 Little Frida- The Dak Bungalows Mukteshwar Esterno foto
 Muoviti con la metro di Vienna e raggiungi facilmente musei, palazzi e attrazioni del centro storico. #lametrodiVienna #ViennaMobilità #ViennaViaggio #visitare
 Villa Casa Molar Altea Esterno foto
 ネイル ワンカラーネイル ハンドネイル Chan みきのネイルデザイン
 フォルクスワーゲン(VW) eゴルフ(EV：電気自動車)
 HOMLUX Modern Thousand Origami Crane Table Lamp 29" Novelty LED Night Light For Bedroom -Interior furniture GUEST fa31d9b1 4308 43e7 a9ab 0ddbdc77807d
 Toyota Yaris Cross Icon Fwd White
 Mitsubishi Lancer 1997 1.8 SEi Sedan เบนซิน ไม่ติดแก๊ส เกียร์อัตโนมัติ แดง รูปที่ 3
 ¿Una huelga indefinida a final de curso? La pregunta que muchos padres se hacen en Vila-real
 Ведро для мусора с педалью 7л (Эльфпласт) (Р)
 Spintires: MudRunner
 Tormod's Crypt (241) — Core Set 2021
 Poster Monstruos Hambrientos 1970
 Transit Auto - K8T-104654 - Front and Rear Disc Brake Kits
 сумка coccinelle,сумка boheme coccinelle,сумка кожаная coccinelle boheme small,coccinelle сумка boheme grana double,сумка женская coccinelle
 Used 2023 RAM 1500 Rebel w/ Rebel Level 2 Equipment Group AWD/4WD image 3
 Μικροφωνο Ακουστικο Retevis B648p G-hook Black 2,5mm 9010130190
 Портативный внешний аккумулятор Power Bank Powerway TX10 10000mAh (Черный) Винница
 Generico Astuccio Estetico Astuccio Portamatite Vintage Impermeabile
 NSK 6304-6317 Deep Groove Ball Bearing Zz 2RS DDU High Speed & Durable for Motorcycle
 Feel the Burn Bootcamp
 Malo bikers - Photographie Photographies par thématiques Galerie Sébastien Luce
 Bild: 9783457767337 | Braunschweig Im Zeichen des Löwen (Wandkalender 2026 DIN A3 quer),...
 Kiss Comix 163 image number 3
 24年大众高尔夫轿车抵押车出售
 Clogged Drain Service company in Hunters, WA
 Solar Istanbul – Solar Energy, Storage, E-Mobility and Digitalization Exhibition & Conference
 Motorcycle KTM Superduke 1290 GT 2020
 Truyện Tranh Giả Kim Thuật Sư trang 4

──────────────────────────────

Which lines above contain the word "image"? List them.

 Used 2023 RAM 1500 Rebel w/ Rebel Level 2 Equipment Group AWD/4WD image 3
 Kiss Comix 163 image number 3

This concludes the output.